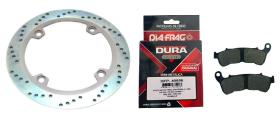 Disco Dianteiro Honda Xre 300 Abs 2009 2010 2011 2012 2013 2014 2015 2016 2017 2018 + Pastilha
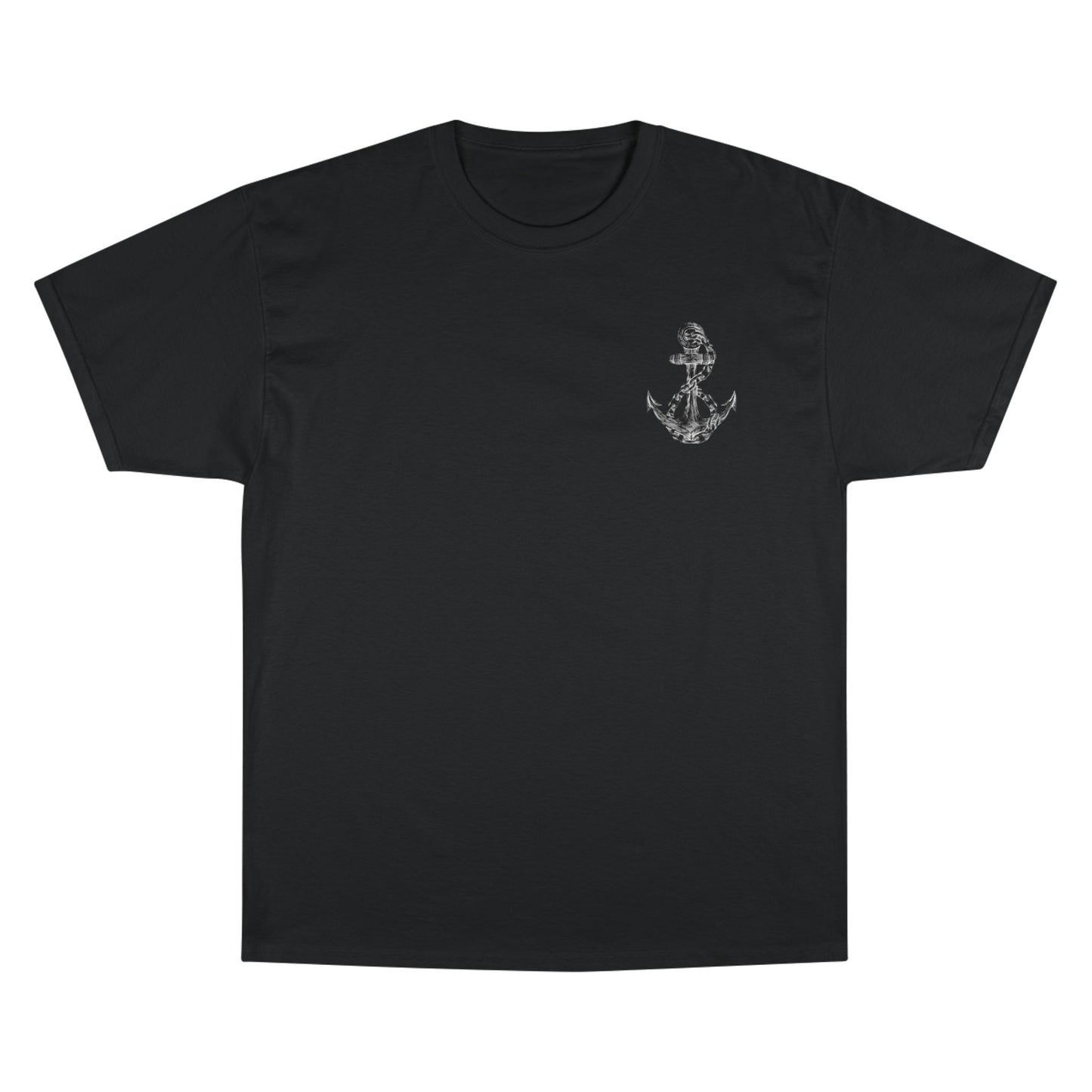 Nautical Champion T-Shirt with Anchor Design - Unisex, Casual Summer Style Tee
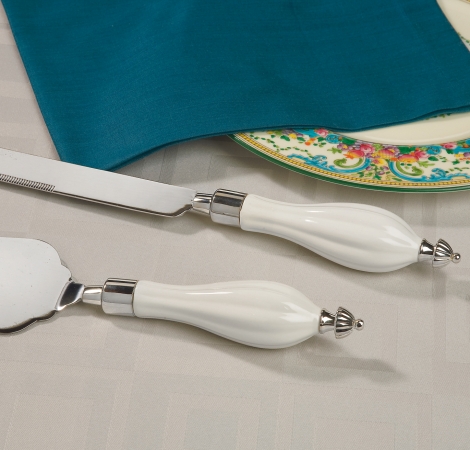 Picture of Ivy Lane Design 70A Porcelain With Rounded Handle Server Set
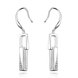 Wholesale Popular Silver plated classic rectangular Dangle Earring for women lady hoop wedding gift Jewelry holiday party gifts  TGSPDE376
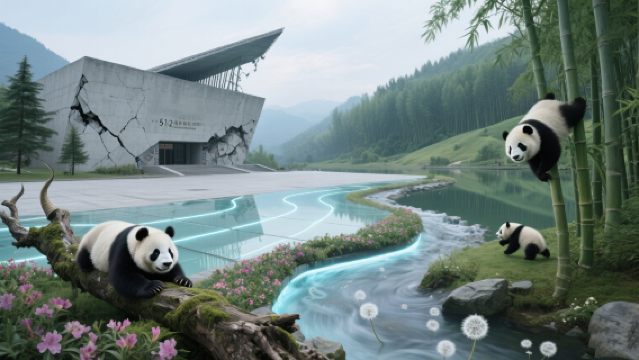 臥龍神樹坪熊貓基地+512紀念館【2-8人獨立團/含門票】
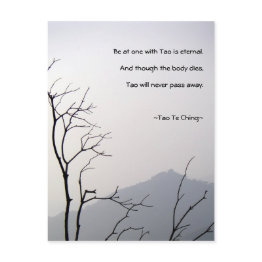 Small Tao Te Ching No.1/ Postinvitations Front View
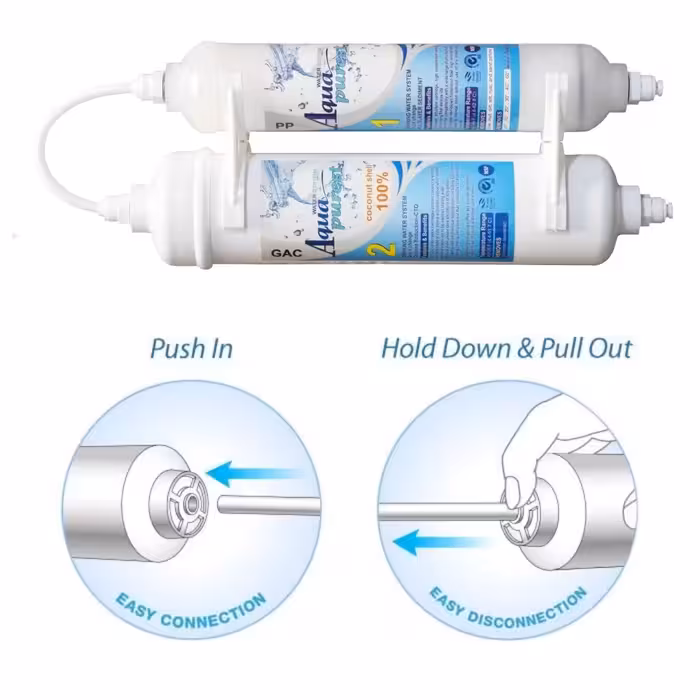 فیلتر تصفیه آب یخچال و فریزر آکوا پیورست مدل FX2035 مجموعه 2 عددی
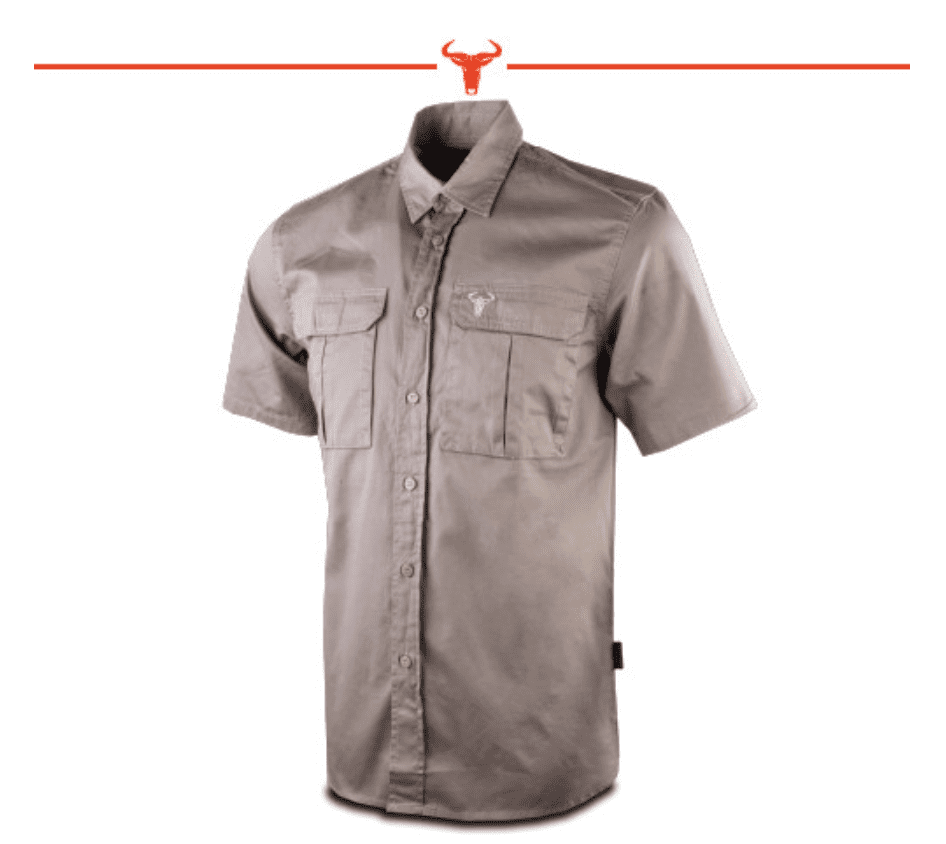 Wildebees Casual Short Sleeve Cotton Canvas Shirt | Mens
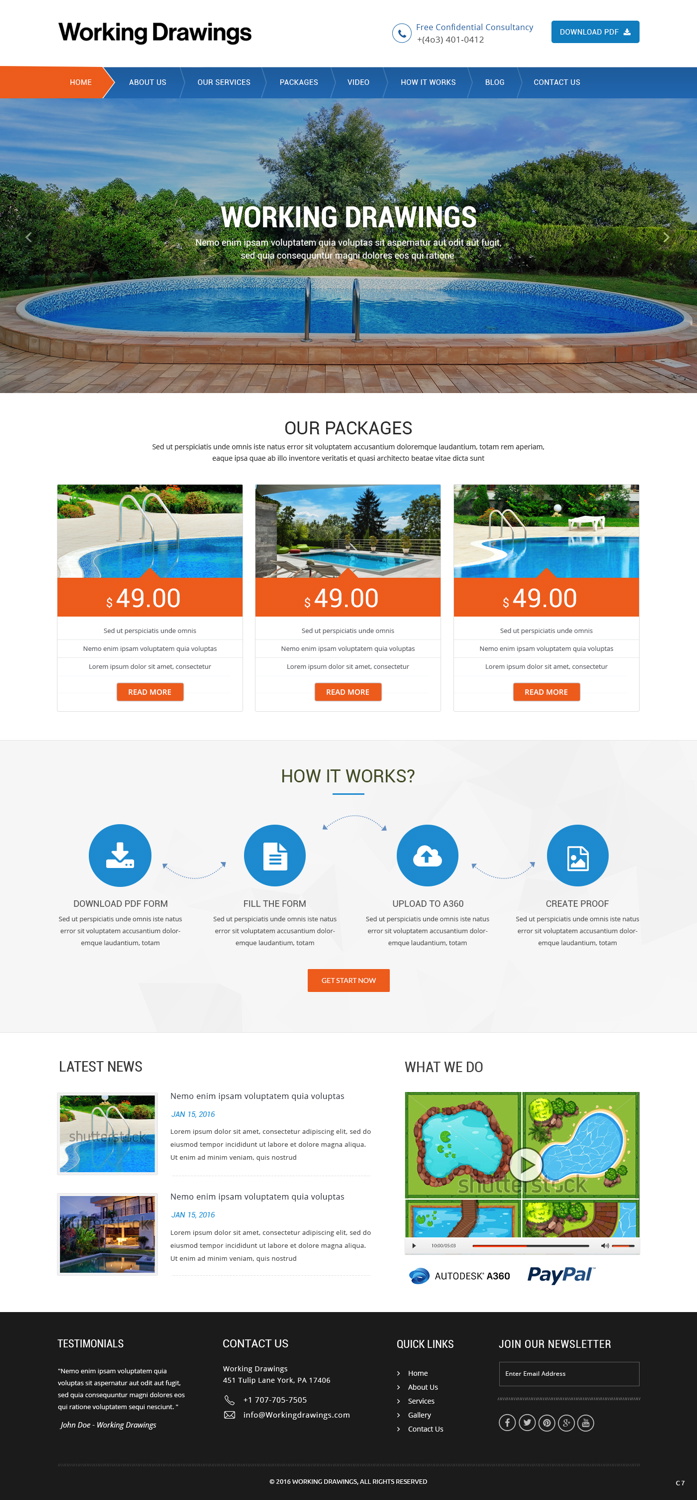 Web Design by pb for Working Drawings | Design #11443465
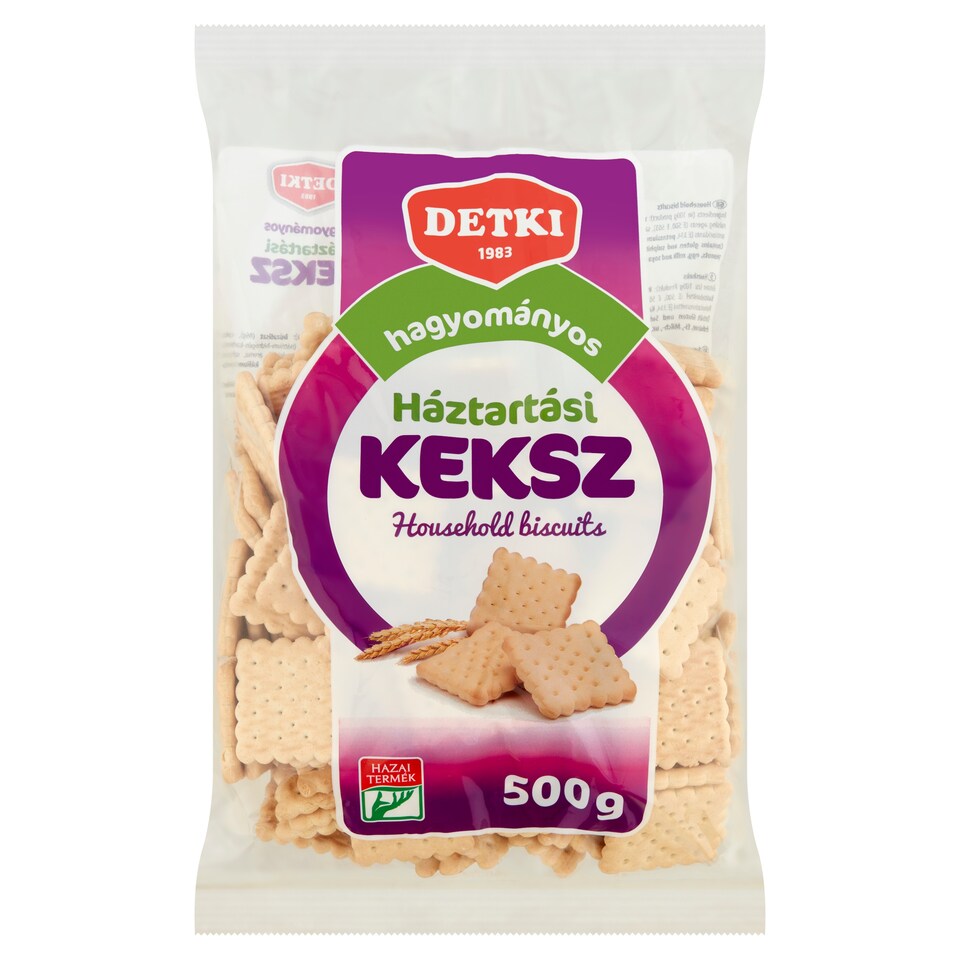 Detki hagyományos háztartási keksz 500 g 1. kép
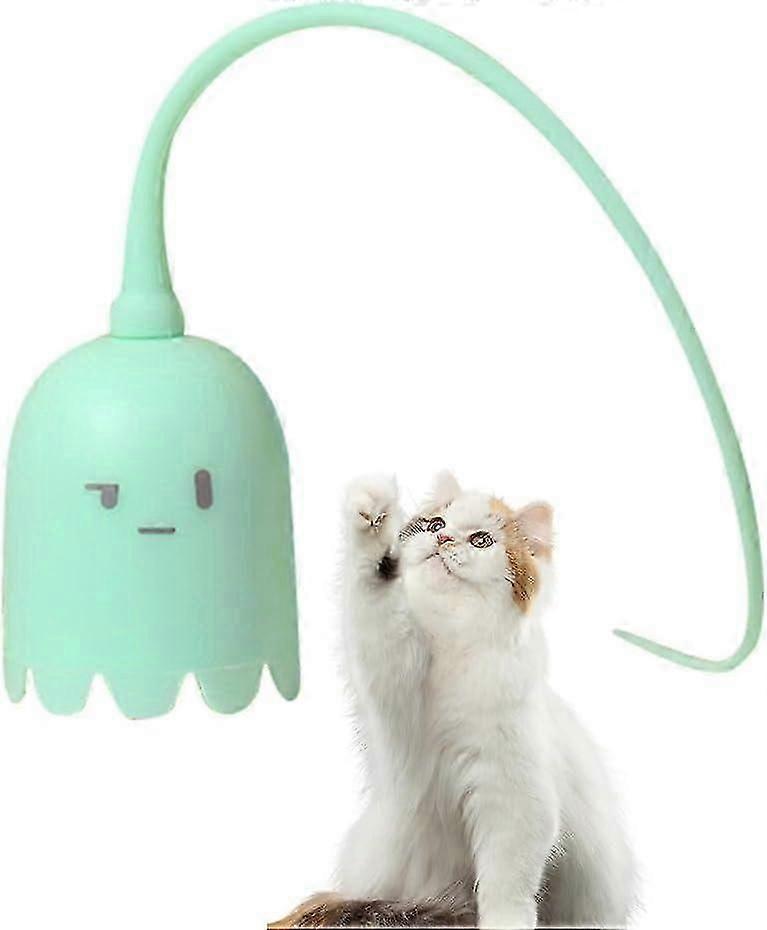 Cat Toy, Pet Automatic Cat Teaser Stick, Electric Rotating Magic Tail Cat Toy Tool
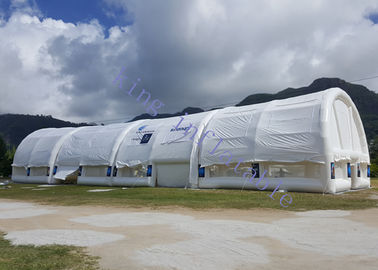 40 X 10 X 6 M PVC White Inflatable Event Tent With Strong Wind Resistance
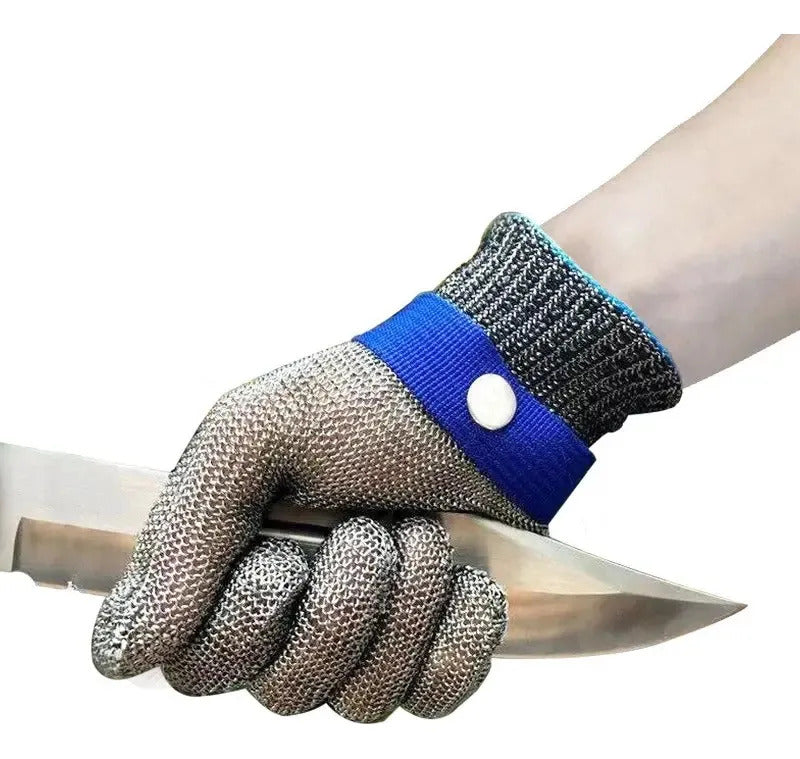 Guantes De Seguridad Plateados Talla M Plateado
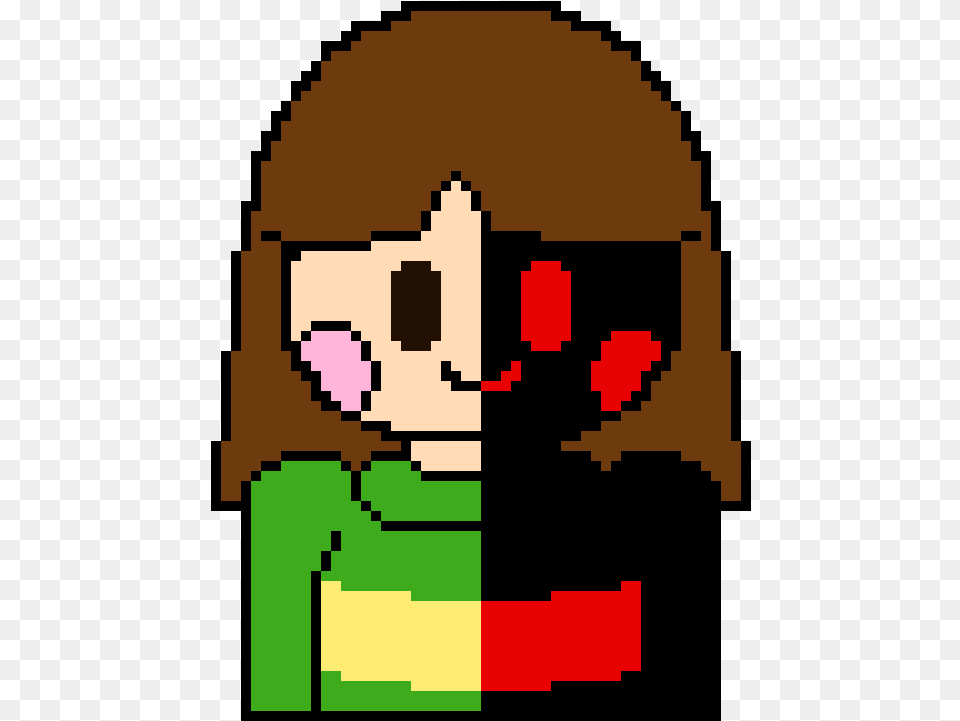 Glitchtale Charahate Chara Evil Eye Pixel Art, Photography Png Image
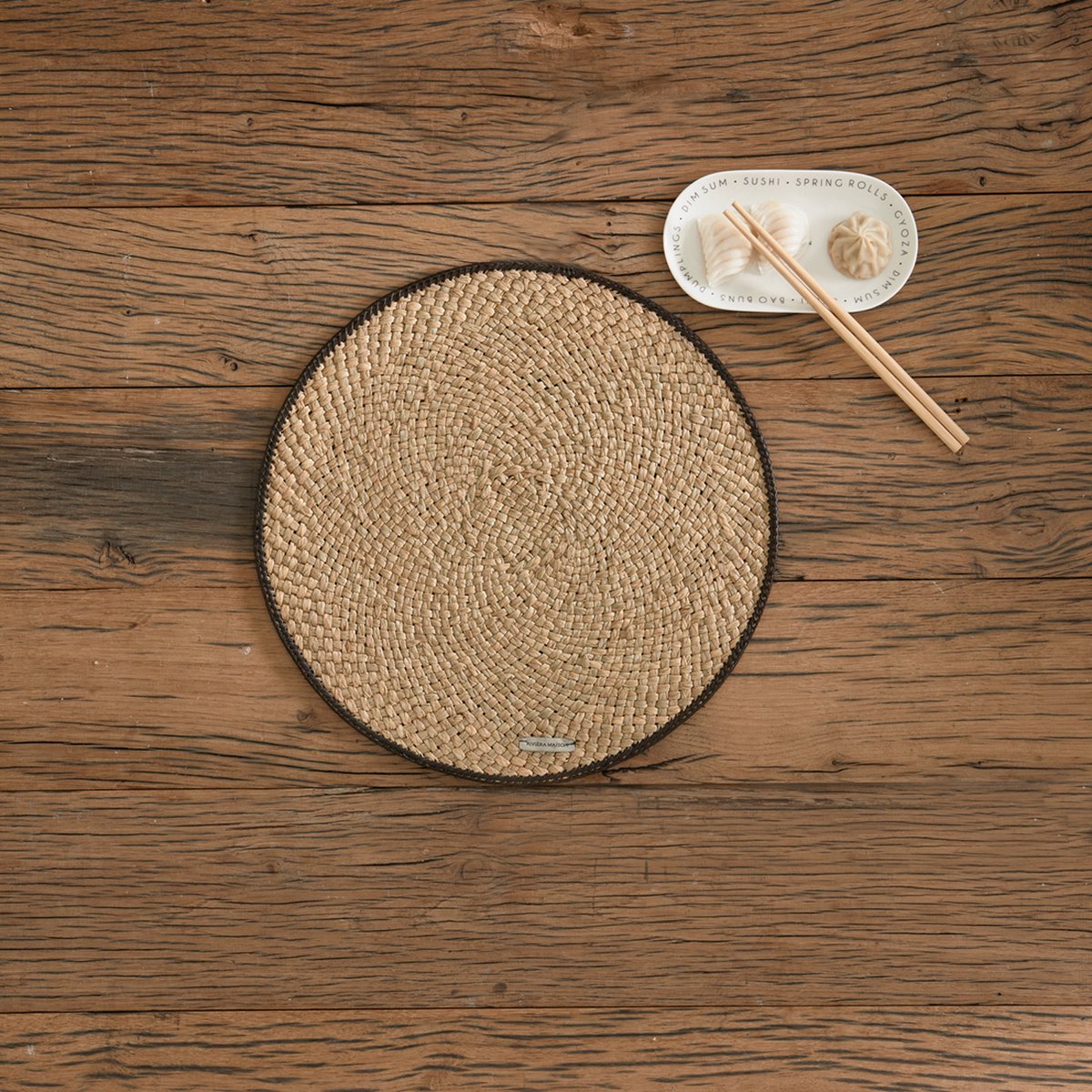 Riviera Maison Placemats rond Loft 1948 Placemat Naturel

--*--

Restate all of the material above word for word, excluding the pictures.

* _RESPONSE TO THIS EXERCISE_:
 Disco Dianteiro Honda Xre 300 Abs 2009 2010 2011 2012 2013 2014 2015 2016 2017 2018 + Pastilha
 Nautical Champion T-Shirt with Anchor Design - Unisex, Casual Summer Style Tee
 Picture of Ivy Lane Design 70A Porcelain With Rounded Handle Server Set
 Wholesale Popular Silver plated classic rectangular Dangle Earring for women lady hoop wedding gift Jewelry holiday party gifts  TGSPDE376
 臥龍神樹坪熊貓基地+512紀念館【2-8人獨立團/含門票】
 Small Tao Te Ching No.1/ Postinvitations Front View
 فیلتر تصفیه آب یخچال و فریزر آکوا پیورست مدل FX2035 مجموعه 2 عددی
 Wildebees Casual Short Sleeve Cotton Canvas Shirt | Mens
 Web Design by pb for Working Drawings | Design #11443465
 Detki hagyományos háztartási keksz 500 g 1. kép
 Cat Toy, Pet Automatic Cat Teaser Stick, Electric Rotating Magic Tail Cat Toy Tool
 40 X 10 X 6 M PVC White Inflatable Event Tent With Strong Wind Resistance
 Guantes De Seguridad Plateados Talla M Plateado
 Glitchtale Charahate Chara Evil Eye Pixel Art, Photography Png Image
 Riviera Maison Placemats rond Loft 1948 Placemat Naturel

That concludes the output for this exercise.